Solving the 84% Empty Heatmap: Historical Data Aggregation in Stentorosaur
Our 90-day status heatmap looked great in mockups. In production, it was 84% empty. Here's how we fixed it with daily summary aggregation.
The Problem: 84% Empty
Stentorosaur's status page includes a 90-day heatmap showing system health over time. Each cell represents a day, colored by uptime percentage. The component rendered beautifully—except it only showed 14 days of actual data.
Day 1 Day 14 Day 90
[██████████████] [░░░░░░░░░░░░░░░░░░░░░░░░░░░░░░░░░░░░░░]
↑ ↑
Actual data Empty (no data)
16% 84%
Root cause: The heatmap read from current.json, which contains a rolling 14-day window. Individual health check readings aren't aggregated—they're just raw timestamps and latencies.

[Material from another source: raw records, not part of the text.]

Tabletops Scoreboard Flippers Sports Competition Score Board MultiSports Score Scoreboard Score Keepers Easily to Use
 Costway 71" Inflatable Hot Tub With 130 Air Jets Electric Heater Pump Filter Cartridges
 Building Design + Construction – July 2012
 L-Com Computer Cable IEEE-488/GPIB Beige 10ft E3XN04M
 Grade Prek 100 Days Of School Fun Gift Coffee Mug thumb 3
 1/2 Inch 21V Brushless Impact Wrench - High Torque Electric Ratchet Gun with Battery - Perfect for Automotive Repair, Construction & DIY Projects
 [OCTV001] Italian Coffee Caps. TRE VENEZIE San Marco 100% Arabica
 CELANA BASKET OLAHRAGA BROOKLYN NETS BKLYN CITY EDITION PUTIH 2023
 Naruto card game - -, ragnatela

Loading 90 days of raw JSONL archives on every page load wasn't an option:
- 90 days × 144 checks/day × 5 systems = 64,800 entries
- ~2.5MB uncompressed JSON
- 3-5 second load times on mobile
We needed aggregated daily summaries.
Solution Landscape
We evaluated four approaches:
| Option | Description | Trade-offs |
|---|---|---|
| A. Expand current.json | Keep 90 days in rolling window | File grows to 2MB+, slow loads |
| B. Build-time aggregation | Aggregate in Docusaurus plugin | Works, but requires rebuild for updates |
| C. Client-side aggregation | Fetch archives, aggregate in browser | 2MB+ download, 3-5s compute |
| D. Daily summary file | Pre-aggregate to daily-summary.json | ~15KB file, fast loads |
We chose Option D: generate a daily-summary.json file during each monitoring run.
The Daily Summary Schema
{
"version": 1,
"lastUpdated": "2026-01-01T12:00:00Z",
"windowDays": 90,
"services": {
"api": [
{
"date": "2025-12-31",
"uptimePct": 0.993,
"avgLatencyMs": 145,
"p95LatencyMs": 320,
"checksTotal": 144,
"checksPassed": 143,
"incidentCount": 1
}
],
"website": [...]
}
}
Each entry is ~100 bytes. 90 days × 5 services = ~45KB. Compression brings it under 15KB.
Key design decisions:
-
P95 latency reveals consistent slowness: Averages mask tail latency. If 10% of requests are slow (14/144 checks), P95 surfaces that degradation while averages smooth it over. For catching rare single-check failures, we also track Max latency in the raw data.
-
Incident count per day: Counting up→down transitions surfaces flapping issues that uptime percentage masks. A service with 99% uptime but 10 incidents is worse than one with 99% uptime and 1 long outage.
-
Schema versioning: The
versionfield enables future migrations without breaking old clients. -
UTC for all dates: All date keys use UTC to avoid timezone boundary confusion. A user in Tokyo and a server in Oregon both reference the same "2025-12-31" day.
The Stale Today Problem
Here's a subtle bug we almost shipped:
Daily Summary (generated at midnight UTC):
2025-12-31: uptimePct=0.993
Current time: 2025-12-31 at 6pm UTC
Today's reality: 3 more outages since summary was generated
If we only read daily-summary.json, today's data is stale. The solution: hybrid read pattern.
Hybrid Read Pattern
The useDailySummary hook fetches both files in parallel:
export function useDailySummary(options: UseDailySummaryOptions): UseDailySummaryResult {
const { baseUrl, serviceName, days = 90 } = options;
useEffect(() => {
// Fetch both files in parallel
const [summaryResponse, currentResponse] = await Promise.all([
fetch(`${baseUrl}/daily-summary.json`).catch(() => null),
fetch(`${baseUrl}/current.json`).catch(() => null),
]);
// Handle responses...
}, [baseUrl]);
// Merge: today from current.json, history from summary
const mergedData = useMemo(() => {
const today = new Date().toISOString().split('T')[0];
const entries: DailySummaryEntry[] = [];
// Aggregate today's readings from current.json
const todayReadings = groupReadingsByDate(currentData, serviceName).get(today);
if (todayReadings?.length > 0) {
entries.push(aggregateDayReadings(today, todayReadings));
}
// Add historical entries (excluding today if present)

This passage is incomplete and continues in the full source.